The entire Armenian capital and some other parts of the country were abruptly left without electricity for more than two hours on Saturday morning. The emergency deactivated traffic lights and brought the city’s underground transport system to a halt, leaving hundreds of commuters stranded in its tunnels. They all were evacuated by the national Rescue Service before power supplies were restored.

The Armenian Ministry of Energy and Natural Resources blamed the blackout on “technical problems” in imports of electricity from Iran. “Our energy system was automatically disconnected from the Iranian system,” the ministry spokeswoman, Lusine Harutyunyan, told RFE/RL’s Armenian service (Azatutyun.am).

Harutiunian said that Energy Minister Armen Movsisian set up an ad hoc commission that will investigate the precise causes of the disruption. Movsisian told reporters on Monday that the commission will also discuss how to prevent such emergencies in the future.

There was no official reaction from the Iranian government and energy officials.

According to the Ministry of Energy and Natural Resources, Armenia is currently heavily reliant on Iranian electricity because its Metsamor nuclear plant was brought to a halt in September for regular repairs and maintenance. Metsamor’s sole functioning reactor, which generates around 40 percent of Armenia’s annual electricity output, is due to be restarted on November 16.

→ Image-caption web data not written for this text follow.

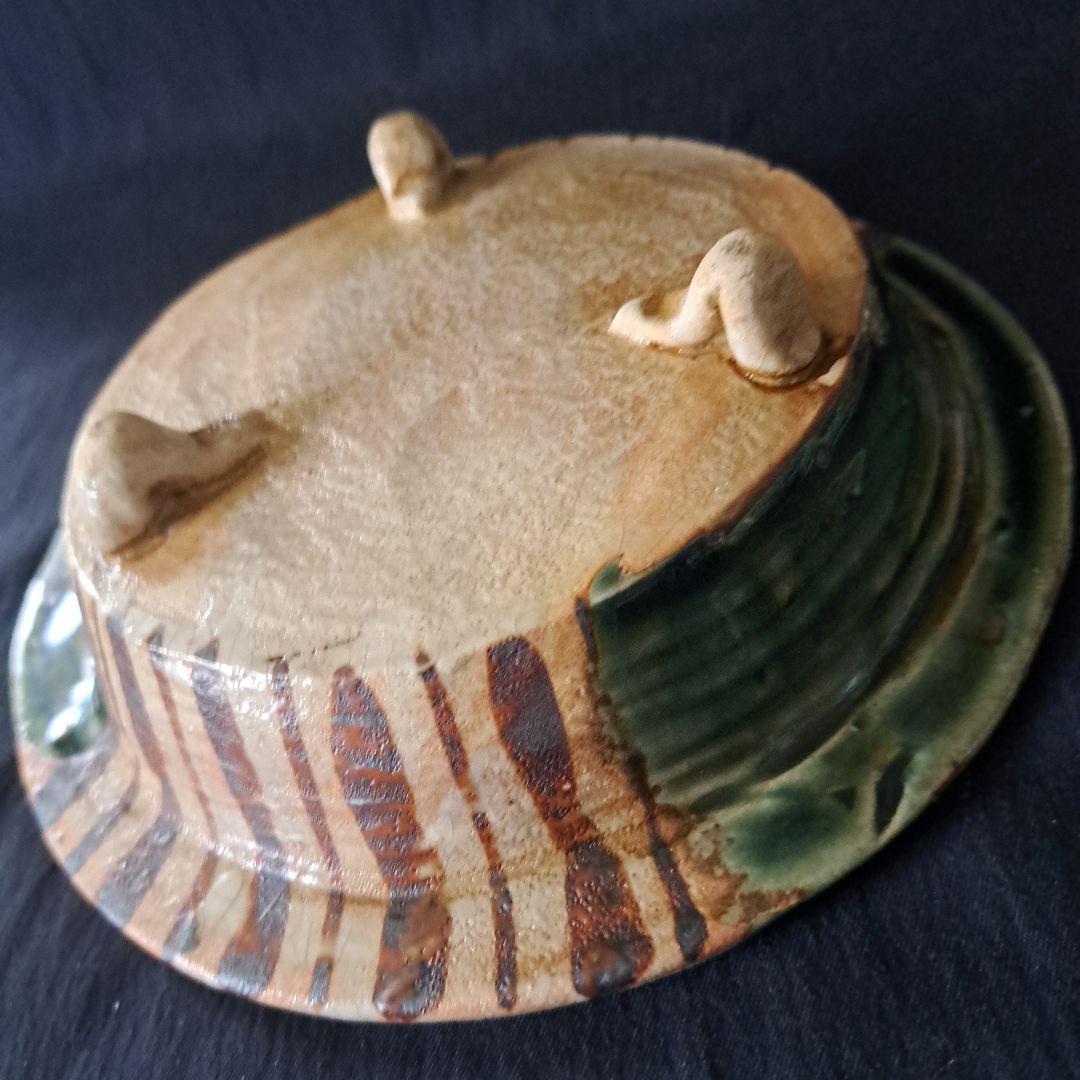 「織部(おりべ)のたたずまい」 青織部焼鉢(直径18cm) 骨董アンティーク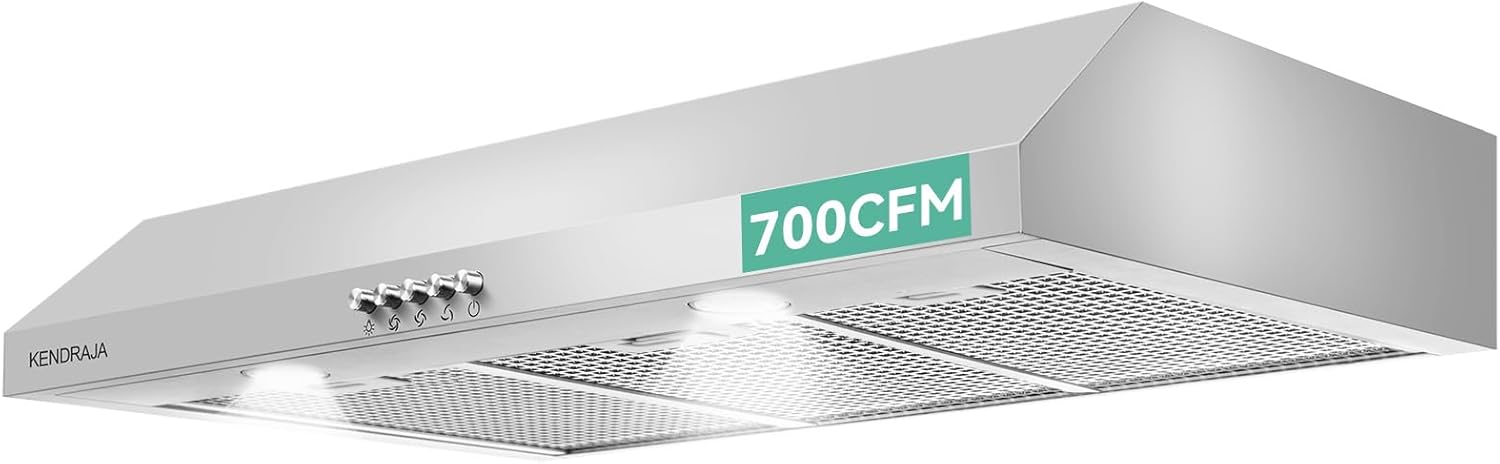 36 Inch Under Cabinet Range Hood | 700 CFM Stainless Steel | Convertible Ducted/Ductless | Washable Grease Filters | 3 Speed Fan | LED Lighting | Includes Charcoal Filters - Kendraja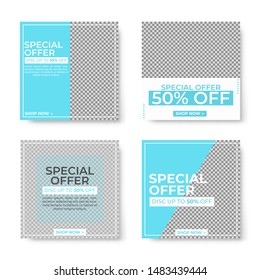 Set of four Blue square banner template design with blank space for your image. Sale banner template for social media promotion, discount, sale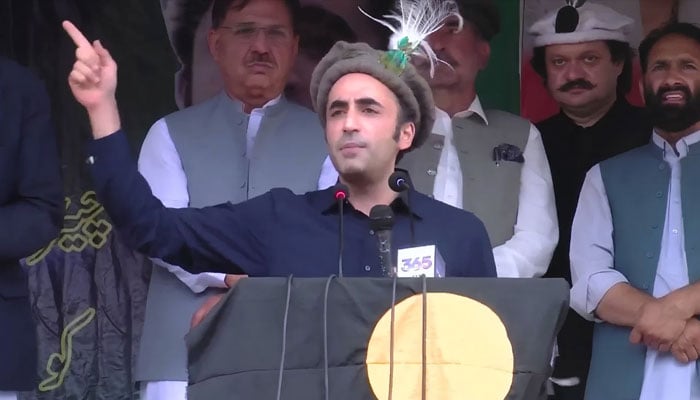 Pakistan Peoples Party (PPP) Chairman Bilawal Bhutto-Zardari addresses an election rally in Diamer, Gilgit-Baltistan, June 3, 2026. — Screengrab via YouTube/Geo News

The Soviet-era plant was shut down in 1989 but reactivated in 1995 to end severe power shortages in the country. Armenian households had electricity for only a few hours a day from 1992-1995.

Armenia and Iran have supplied each other with electricity on a seasonal basis for the past decade. “We give them electricity in the summer and they usually supply it to us in winter months,” explained Harutiunian.

The mutual deliveries have intensified since Armenia began importing natural gas from Iran through a newly built pipeline in 2008. The Iranian gas is mainly converted into electricity at Armenian thermal power plants, which is exported to the Islamic Republic. The seasonal swaps should increase further after the completion of ongoing work on a third power transmission line connecting the two countries.